▶ [What you should do] Give back every entry, exactly as written.
Top of Dataset
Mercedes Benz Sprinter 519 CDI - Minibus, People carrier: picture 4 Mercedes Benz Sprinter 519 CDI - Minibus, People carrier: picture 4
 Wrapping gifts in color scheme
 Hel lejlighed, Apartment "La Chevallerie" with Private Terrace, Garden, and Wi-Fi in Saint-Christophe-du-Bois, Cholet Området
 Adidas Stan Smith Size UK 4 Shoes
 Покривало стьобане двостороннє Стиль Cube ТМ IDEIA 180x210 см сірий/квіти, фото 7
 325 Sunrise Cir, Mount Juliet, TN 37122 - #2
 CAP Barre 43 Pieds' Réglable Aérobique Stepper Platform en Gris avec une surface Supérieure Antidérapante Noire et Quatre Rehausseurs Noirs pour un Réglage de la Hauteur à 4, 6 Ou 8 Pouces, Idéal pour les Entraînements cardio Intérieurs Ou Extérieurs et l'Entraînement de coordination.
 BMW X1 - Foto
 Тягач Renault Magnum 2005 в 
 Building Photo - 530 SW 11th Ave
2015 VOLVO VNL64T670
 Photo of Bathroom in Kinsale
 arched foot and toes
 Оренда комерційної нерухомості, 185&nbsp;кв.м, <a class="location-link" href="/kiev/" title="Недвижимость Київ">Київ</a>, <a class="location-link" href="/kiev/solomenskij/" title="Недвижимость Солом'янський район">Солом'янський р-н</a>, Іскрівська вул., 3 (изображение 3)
Bottom of Dataset
▶ [Solution]
Mercedes Benz Sprinter 519 CDI - Minibus, People carrier: picture 4 Mercedes Benz Sprinter 519 CDI - Minibus, People carrier: picture 4
 Wrapping gifts in color scheme
 Hel lejlighed, Apartment "La Chevallerie" with Private Terrace, Garden, and Wi-Fi in Saint-Christophe-du-Bois, Cholet Området
 Adidas Stan Smith Size UK 4 Shoes
 Покривало стьобане двостороннє Стиль Cube ТМ IDEIA 180x210 см сірий/квіти, фото 7
 325 Sunrise Cir, Mount Juliet, TN 37122 - #2
 CAP Barre 43 Pieds' Réglable Aérobique Stepper Platform en Gris avec une surface Supérieure Antidérapante Noire et Quatre Rehausseurs Noirs pour un Réglage de la Hauteur à 4, 6 Ou 8 Pouces, Idéal pour les Entraînements cardio Intérieurs Ou Extérieurs et l'Entraînement de coordination.
 BMW X1 - Foto
 Тягач Renault Magnum 2005 в 
 Building Photo - 530 SW 11th Ave
2015 VOLVO VNL64T670
 Photo of Bathroom in Kinsale
 arched foot and toes
 Оренда комерційної нерухомості, 185&nbsp;кв.м, <a class="location-link" href="/kiev/" title="Недвижимость Київ">Київ</a>, <a class="location-link" href="/kiev/solomenskij/" title="Недвижимость Солом'янський район">Солом'янський р-н</a>, Іскрівська вул., 3 (изображение 3)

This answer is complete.